As we’re normally way up north for the British summer, I’ve forgotten how great a sunny 26-° southern English day feels. It’s been years. If it was France it’d be normal, but in the UK it’s not which adds to the magic. A perfect day then to bang out a Medway run from Tonbridge to Yalding in my newish Alpacka Yak. Even the wind was up for it, with a stiff, 15mph breeze forecast from the southwest.

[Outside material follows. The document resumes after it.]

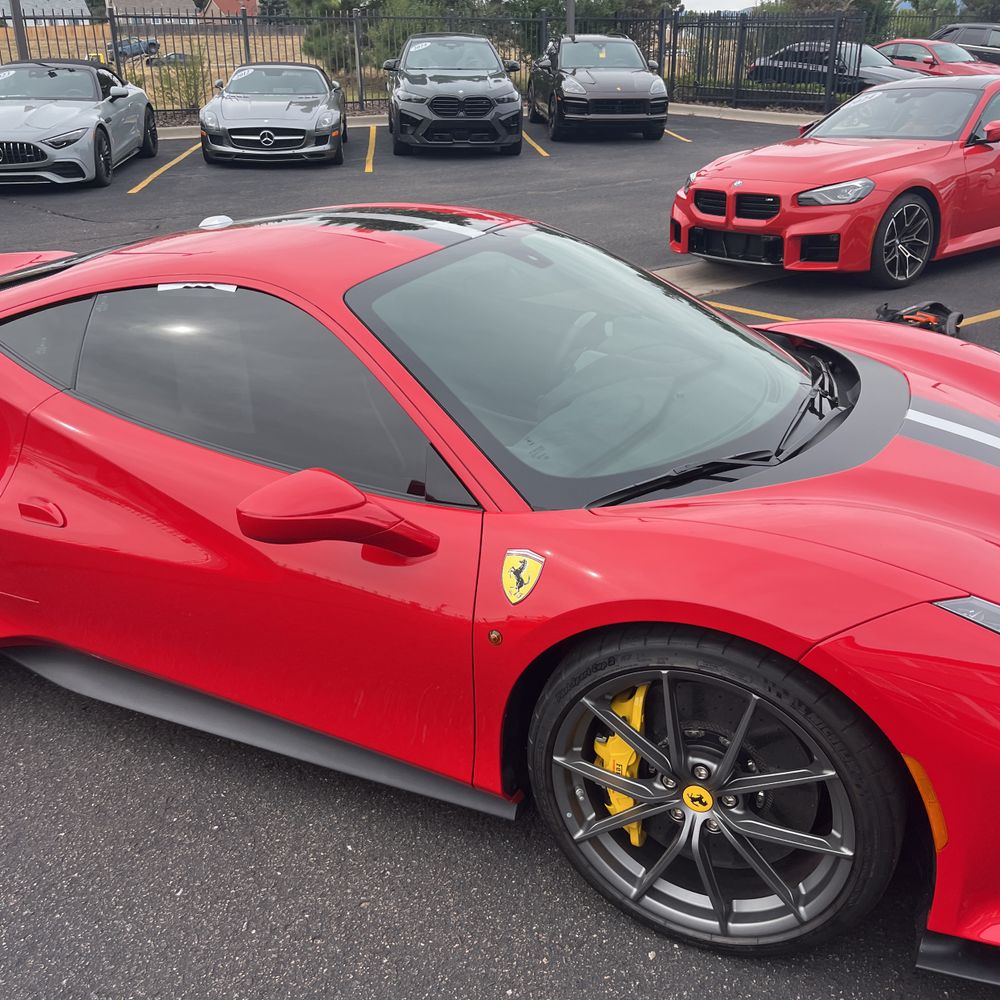 2020 Ferrari 488 Pista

With shoes, shirt and pfd in the wet bag, I slid down the chute off Tonbridge’s Town Lock, sat up straight and set sail. Overhead the wind was lifting the leaves, exposing their lighter underside, and with the river course (below) oriented right on it, I suspected this was going to be a good run. Eldridge Lock chute rolled up in under 20 minutes and that felt like at least a mile (1.3). And with no shoes or pfd the Yak felt roomy so I pushed the backrest low to get nicely jammed in. Paddle at eye level, a full draw from the feet, and I crack on.

medway-map

brolga

Porters Lock already? OK then. How far is it to Yalding, anyway? Twelve something; couldn’t remember if it was kms or miles (13km), but I knew when we did it last June in my new IK that I was pooped well before the end. After Porters I pass some canoe-ers crouched on the floor of their boat, battling upstream. There’s no current but they’re sure fighting the wind. Further down the river, a couple with a camo-pattern IK are lunching by one of the locks.
With the trees in full summer bloom and yellow lilies at the banks, in places the pea-soup Medway could pass for a backwater in Kakadu, with salties lurking in the shallows, eyeing up wading jabirus.

bk-slu
Sluice Weir Lock

Much sooner than expected it’s the big slide down Sluice Weir Lock (above) which I knew was near the end. The short Yak surfs over the frothing base a lot better than a nose-burying kayak. I took no water on any of the chutes and the backwind even helped keep the paddle splash off me.
After a quick visit to water the bushes, I top off the seat and hull. Holy moly, now the firmed up Yak is skimming along like a surf ski under the big-bladed Corry paddle. This last section was a  l o n g  haul last time, but I power on and there is, the Anchor Inn at Yalding. Don’t want to eat there again, so I finish off my water and check the watch. Two hours twenty. That seems fast; it was an all-dayer last time.

mpp

It’s another 5-10 minutes scoot down to the take-out at Hampstead Lock and a short walk to the station where it costs over a fiver to ride three stops back to Tonbridge. When I get home I Google Map the river distance: 7.5 miles or about 12 clicks to the Anchor. In two twenty that’s a pretty surprising 3.4mph or nearly 3 knots. I’d be pleased with that in my 14-foot IK, but in dumpy packraft? Not bad at all.